Material provided:
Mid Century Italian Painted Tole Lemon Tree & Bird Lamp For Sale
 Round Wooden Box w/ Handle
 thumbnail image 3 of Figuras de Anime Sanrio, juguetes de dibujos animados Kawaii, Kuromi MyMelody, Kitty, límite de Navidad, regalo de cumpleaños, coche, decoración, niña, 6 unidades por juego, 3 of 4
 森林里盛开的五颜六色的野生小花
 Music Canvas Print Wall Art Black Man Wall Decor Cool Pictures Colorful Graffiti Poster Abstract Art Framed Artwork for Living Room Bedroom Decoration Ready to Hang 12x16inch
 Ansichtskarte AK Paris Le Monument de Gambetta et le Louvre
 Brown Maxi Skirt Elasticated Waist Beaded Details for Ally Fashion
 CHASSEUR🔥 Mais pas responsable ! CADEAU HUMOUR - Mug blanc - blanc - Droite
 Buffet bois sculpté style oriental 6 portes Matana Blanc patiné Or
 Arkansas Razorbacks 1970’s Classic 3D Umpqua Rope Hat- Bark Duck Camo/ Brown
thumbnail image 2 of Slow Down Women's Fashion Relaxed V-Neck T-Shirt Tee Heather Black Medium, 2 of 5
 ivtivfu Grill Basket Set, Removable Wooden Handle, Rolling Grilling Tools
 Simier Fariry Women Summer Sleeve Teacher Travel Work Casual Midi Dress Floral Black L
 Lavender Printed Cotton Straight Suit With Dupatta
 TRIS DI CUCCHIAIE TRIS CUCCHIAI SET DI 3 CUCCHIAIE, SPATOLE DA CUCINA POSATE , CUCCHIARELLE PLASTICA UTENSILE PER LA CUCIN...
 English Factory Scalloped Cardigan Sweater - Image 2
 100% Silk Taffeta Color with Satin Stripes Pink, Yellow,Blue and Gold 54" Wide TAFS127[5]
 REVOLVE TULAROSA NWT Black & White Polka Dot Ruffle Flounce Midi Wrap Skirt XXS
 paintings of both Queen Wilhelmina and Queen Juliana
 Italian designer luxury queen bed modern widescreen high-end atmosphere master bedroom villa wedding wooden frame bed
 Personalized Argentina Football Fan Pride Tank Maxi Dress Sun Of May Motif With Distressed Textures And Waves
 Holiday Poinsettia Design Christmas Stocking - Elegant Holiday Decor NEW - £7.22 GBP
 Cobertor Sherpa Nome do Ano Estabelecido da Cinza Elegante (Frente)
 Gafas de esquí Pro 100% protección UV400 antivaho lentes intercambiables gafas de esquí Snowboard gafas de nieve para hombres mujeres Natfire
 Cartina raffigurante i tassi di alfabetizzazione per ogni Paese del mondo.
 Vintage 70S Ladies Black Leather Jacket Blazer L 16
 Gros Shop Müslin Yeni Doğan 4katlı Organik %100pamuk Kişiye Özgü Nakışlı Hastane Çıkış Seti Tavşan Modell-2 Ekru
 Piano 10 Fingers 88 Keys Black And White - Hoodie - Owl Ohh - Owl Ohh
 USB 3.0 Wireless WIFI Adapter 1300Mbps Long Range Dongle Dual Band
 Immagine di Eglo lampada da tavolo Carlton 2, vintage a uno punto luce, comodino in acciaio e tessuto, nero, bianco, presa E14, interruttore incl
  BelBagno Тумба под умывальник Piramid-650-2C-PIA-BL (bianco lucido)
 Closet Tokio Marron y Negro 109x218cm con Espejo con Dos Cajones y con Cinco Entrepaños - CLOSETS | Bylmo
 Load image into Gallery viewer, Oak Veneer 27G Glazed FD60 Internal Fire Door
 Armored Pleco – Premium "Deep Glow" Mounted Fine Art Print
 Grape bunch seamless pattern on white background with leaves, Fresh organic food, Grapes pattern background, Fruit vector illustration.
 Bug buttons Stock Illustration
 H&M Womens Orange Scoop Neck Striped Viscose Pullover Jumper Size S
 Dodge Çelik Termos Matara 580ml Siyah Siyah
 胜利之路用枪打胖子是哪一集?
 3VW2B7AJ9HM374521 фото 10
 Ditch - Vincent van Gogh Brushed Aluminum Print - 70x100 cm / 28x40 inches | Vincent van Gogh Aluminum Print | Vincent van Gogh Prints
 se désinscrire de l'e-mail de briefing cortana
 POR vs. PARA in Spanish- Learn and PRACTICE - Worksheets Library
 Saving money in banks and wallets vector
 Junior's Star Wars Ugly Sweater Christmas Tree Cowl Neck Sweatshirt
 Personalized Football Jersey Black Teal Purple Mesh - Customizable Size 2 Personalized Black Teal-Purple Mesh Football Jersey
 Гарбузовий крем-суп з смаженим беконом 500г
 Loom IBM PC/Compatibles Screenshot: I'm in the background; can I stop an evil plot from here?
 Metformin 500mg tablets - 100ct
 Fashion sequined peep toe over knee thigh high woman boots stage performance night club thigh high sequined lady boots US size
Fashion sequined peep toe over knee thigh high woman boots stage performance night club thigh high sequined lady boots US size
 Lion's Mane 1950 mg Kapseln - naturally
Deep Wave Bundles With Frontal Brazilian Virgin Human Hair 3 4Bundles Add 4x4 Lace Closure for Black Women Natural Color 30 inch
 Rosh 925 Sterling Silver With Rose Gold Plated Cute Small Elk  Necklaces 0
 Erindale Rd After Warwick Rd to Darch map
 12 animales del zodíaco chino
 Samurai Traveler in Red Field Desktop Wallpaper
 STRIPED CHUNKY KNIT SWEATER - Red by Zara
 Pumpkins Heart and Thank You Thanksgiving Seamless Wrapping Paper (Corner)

What is expected: Find how many lines of the material carry the string "Christmas". Only the number should be in the answer.

Task answer: 2